Exponential factorial

[andydude]

I wouldn't know but I'm still trying to figure out how precisely he got those coefficients. It would seem a little good to be true wouldn't it, given how exotic this function is?

Essentially, by the method of undetermined coefficients.

Assume that the solution is a polynomial, say of the form \( EF(x) = a_0 + a_1x + a_2 x^2 \), and substitute that in the functional equation gives
\( \log_{x+1}(a_0 + a_1(x+1) + a_2(x+1)^2) = a_0 + a_1x + a_2 x^2 \)
and expanding the left-hand-side of this equation about x=1, and truncating the result at 3 or so terms gives an approximately equal equation \( O(x^3) \). Since this equation should hold for all \( 1 \le x \le 2 \) (by assumption*), you can match each coefficient of x on each side to form a system of 3 equations in 3 unknowns \( (a_0, a_1, a_2) \).
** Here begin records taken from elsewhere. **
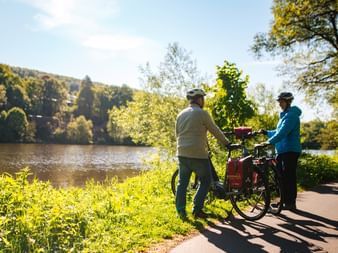 Zwei Radfahrer mit Helmen stehen mit ihrem Tourenrad auf einem Weg neben der Weser im Weserbergland, umgeben von grüner Vegetation.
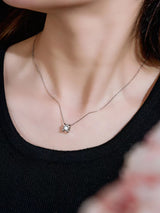 Top-down flat lay of necklace in gift-ready matte box with ribbon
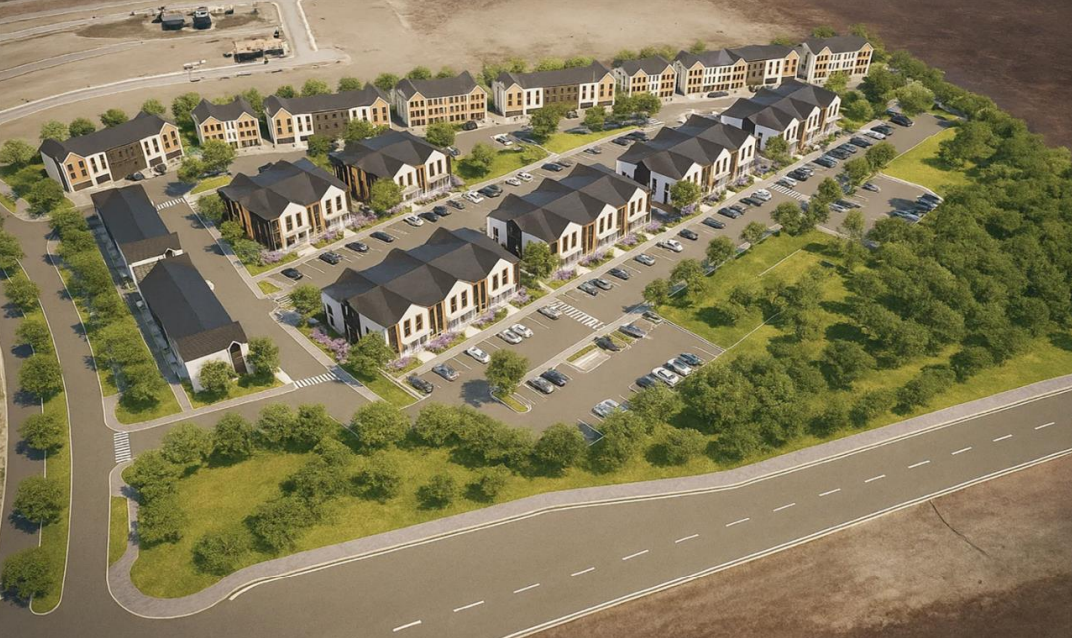 Aerial view of a modern residential apartment complex with multiple buildings, parking spaces, trees, and green spaces, surrounded by open land.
Even though this system of algebraic equations is simpler (in a way) than the single functional equation, they are not linear in the unknowns, so use your favorite nonlinear system method, and solve for \( (a_0, a_1, a_2) \).

Does this help?

Andrew Robbins

* Assuming the functional equation holds for all \( 0 \le x \le 1 \) seems to lead to a contradiction, because \( EF(0) = EF'(1) \) and yet \( 0^x = 0 \) for all x, so you can't solve for x such that the functional equation holds.